WORK REQUEST
When you reach the line holding "瓷砖墙壁裂开怎么补救 瓷砖裂缝如何修复", please begin to restate the lines word for word and continue through the last one in the material, excluding pictures.
┄┄┄┄┄┄
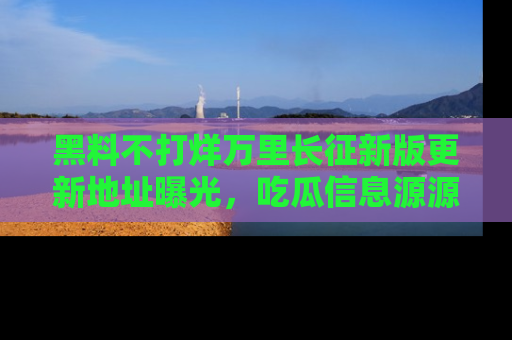 黑料不打烊万里长征新版更新地址曝光，吃瓜信息源源不断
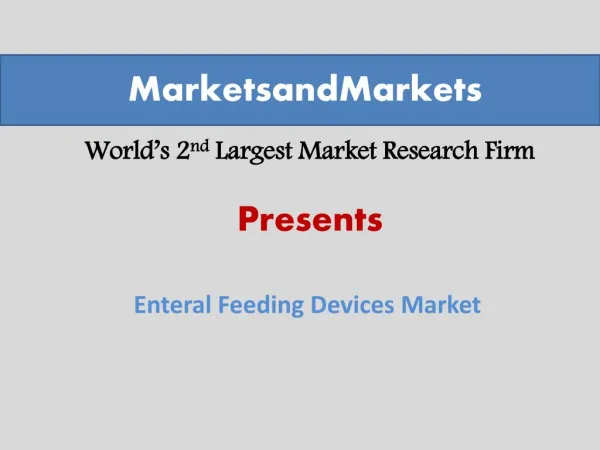 Enteral Feeding Devices Market worth $2,517.2 Million By 2019
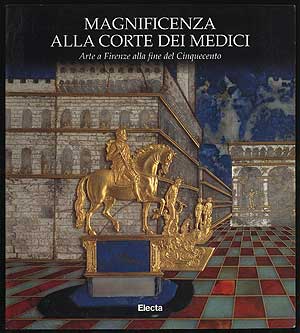 Item #292569 Magnificenza Alla Corte Dei Medici: Arte a Firenze alla fine del Cinquecento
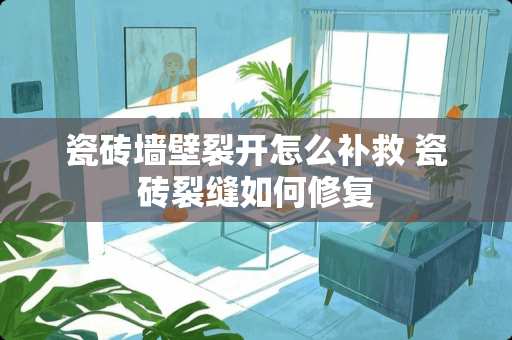 瓷砖墙壁裂开怎么补救 瓷砖裂缝如何修复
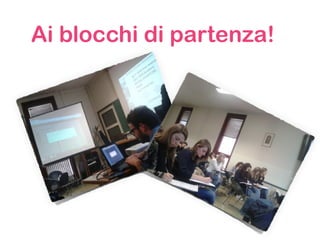 Ai blocchi di partenza!
 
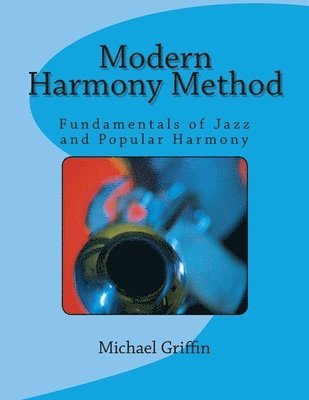 Michael Griffin - Modern Harmony Method: Fundamentals of Jazz and Popular Harmony, Häftad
┄┄┄┄┄┄
SOLVED PROBLEM
 瓷砖墙壁裂开怎么补救 瓷砖裂缝如何修复
 Ai blocchi di partenza!
 
 Michael Griffin - Modern Harmony Method: Fundamentals of Jazz and Popular Harmony, Häftad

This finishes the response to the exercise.